Bill Jones makes daily commute from Laramie to Elk Mountain to open Bow River Crossing

Bill Jones is part owner of Bow River Crossing, the convenience store in the town of Elk Mountain that has been open for about a year and a half.

What is remarkable about Jones is that he lives in Laramie and has only missed coming in to run the store once until this past February. That one time was due to road closures. He does admit that there were a couple times, if roads were bad, he had some people that would open the store for him. All and all, he said the first year he was able to make it in.

It is a record he is pleased to tell people. In general, he has always found a way to get to Elk Mountain, using back roads or by beating the weather before it closed everything down.

"I have been lucky that I beat the closings of the interstate, or I used roads that take longer, but I got here," Jones said. "It probably helped some days it was really bad, it wasn't a day to work."

Once making it in, he said that he always made it home.

"I have taken US 30 when it wasn't much fun, but I eventually made it," Jones said. "I have followed trucks going six miles an hour, hoping they wouldn't go off the road because, if they did, I might."

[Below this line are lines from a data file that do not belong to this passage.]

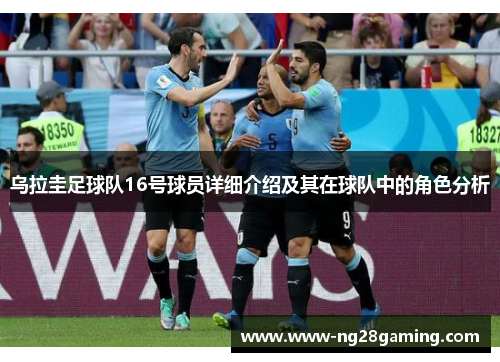 乌拉圭足球队16号球员详细介绍及其在球队中的角色分析
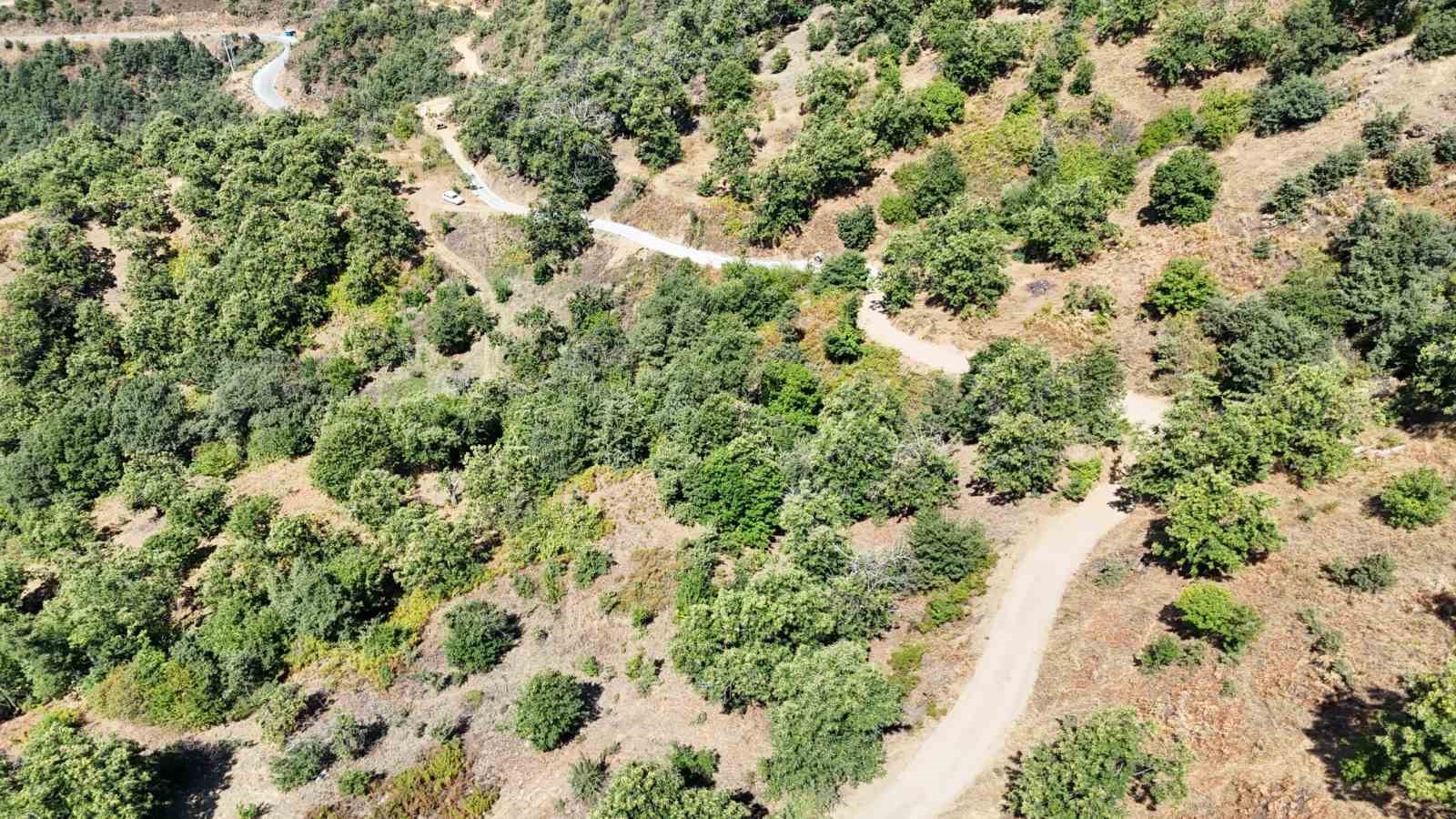 Nazilli Belediyesi Apaklar’da yolları yeniliyor
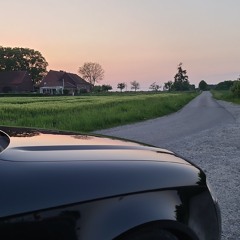 (25-31Hz) - going home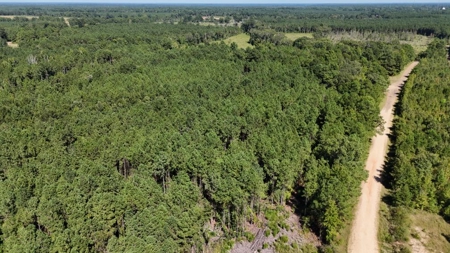 Hunting & Timberland For Sale in Union Parish-Traylor Place - image 2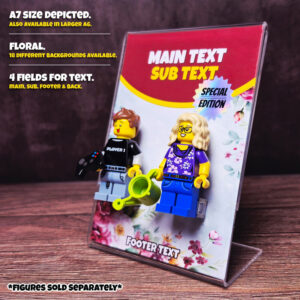 Customizable Plexiglas Display Stand ( 2 Figure )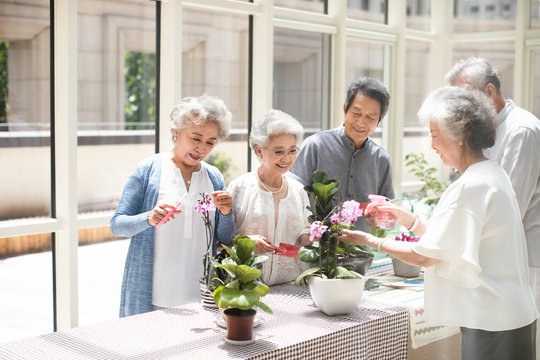 Senior friends planting flowers in nursing home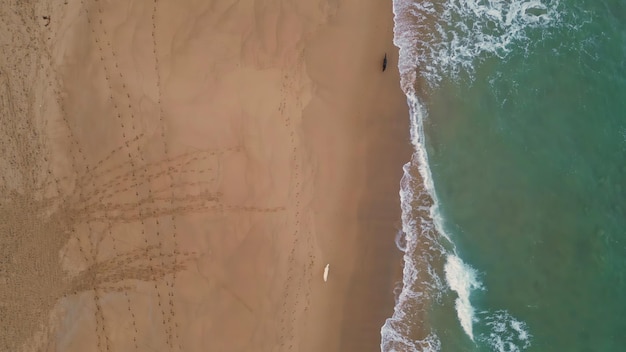 Vista superior bela praia com areia dourada lavada por cães do oceano espumosos correndo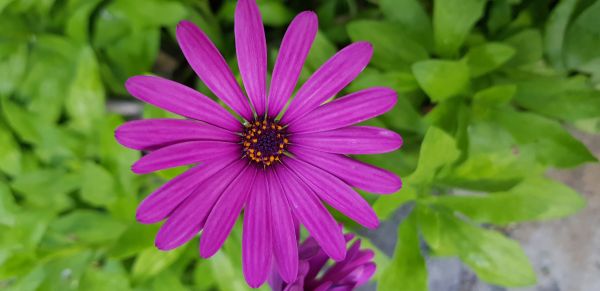 foto:Nelly Alejandra Cervantes Martínez - lo hecho en México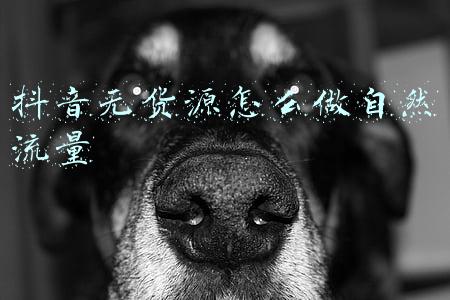 抖音无货源模式怎么玩(抖音小店无货源到底怎么做？小店玩法详细步骤讲解)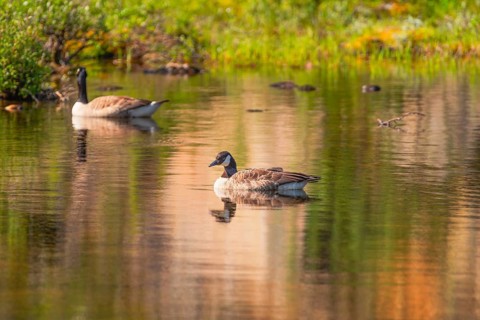 Canada goose (Branta canadensis), nature photograph, Edland, Vestfold, Norway, Europe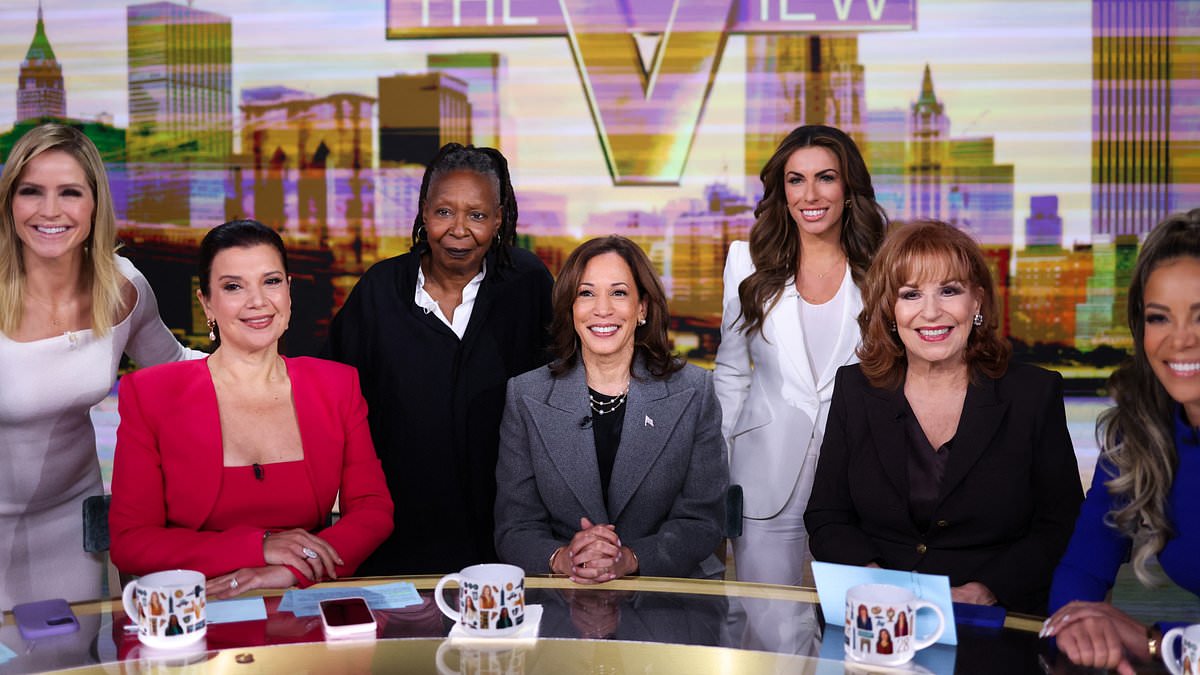 alert-–-the-view-bosses-‘desperately-hunting-for-pro-trump-panelists’-after-woke-stars-all-backed-loser-kamala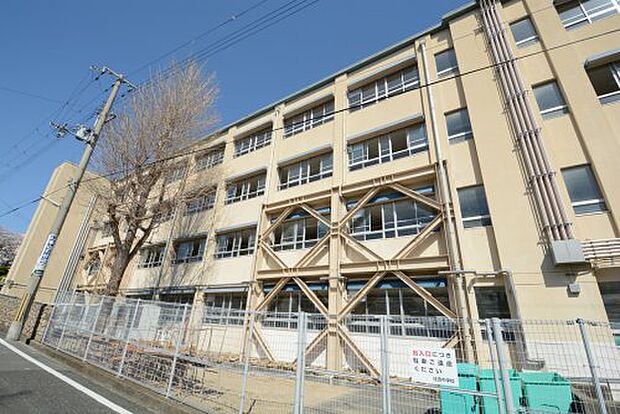 【中学校】神戸市立住吉中学校まで1526ｍ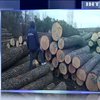 На Рівненщині посадовці лісгоспу вирубували ліс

He grew up in Elk Mountain and is used to the bad weather conditions Carbon County can put forth. Jones knows patience is the key.

Jones also admitted a lot of his travel has involved luck. Westbound on the interstate might be open with eastbound shut and other times it would be the other way.

His luck ran out recently when in the month of February, the interstate and roads he had always used started shutting down.

"I haven't seen the winds be this brutal in all the years, I lived here," Jones said. "There has been this much snow before, but it is the winds that changed so much this year."

Jones great record got crushed during the month of February and early March.

"I missed two days the first week in March alone," Jones said. "Some of the days I missed were due to wrecks closing down the interstate and then there was a rolling closure to other roads."

He said the accidents seem worse in recent years. Jones said it might be because truckers don't use Citizen Band (CB) radios as much with the advent of cell phones.

The CB radio was the most popular way truckers use to communicate with each other before the 2000s. The CB radio is not completely dead but there are a lot of other ways to communicate thanks to social media and the rise of cell phones. Unfortunately cell phone coverage along Interstate 80 is spotty and warnings about accidents are usually for locals.

Jones can't say for sure why the wrecks seem to have been worse this year, but between them and weather closures for roads, his record for not missing days is gone.

And it happened in one month.

Jones said he really doesn't care his record is gone. He is happy that April is coming and, although roads can still close, winter is probably on the ebb.

"What is important is that you drive safe," Jones said. "I was lucky for a long time but I realize you have to respect mother nature when she says you are going nowhere."